Der Grund für die vermehrt festgestellten Fälschungen seien die Gesetzesänderungen. /

Drei Viertel der Waren wurden am Flughafen Zürich beschlagnahmt, 13 Prozent am Flughafen Genf.

Im Wert von 14 Mio. Franken Der Wert aller im vergangenen Jahr beschlagnahmten Waren beläuft sich auf 14 Millionen Franken (2007: 1,3 Millionen Franken). Accessoires wie Taschen oder Sonnenbrillen machten die Hälfte der Stücke aus, ein Fünftel war Bekleidung. Knapp 70 Prozent dieser Waren kamen aus China.
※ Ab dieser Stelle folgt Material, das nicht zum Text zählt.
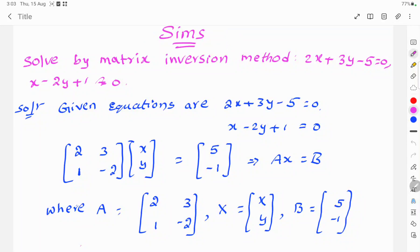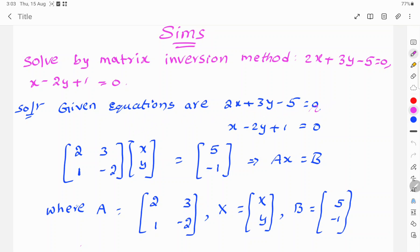This equation is solved by matrix inversion method. The given equations are: 2x plus 3y minus 5 is equal to 0, and x minus 2y plus 1 is equal to 0.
Aus Indien hingegen wurden ausschliesslich gefälschte Medikamente beschlagnahmt. «Stop Piracy», die Schweizer Plattform gegen Fälschung und Piraterie, wurde im Juli 2005 vom Eidgenössischen Institut für geistiges Eigentum und der Internationalen Handelskammer Schweiz (ICC Switzerland) gegründet.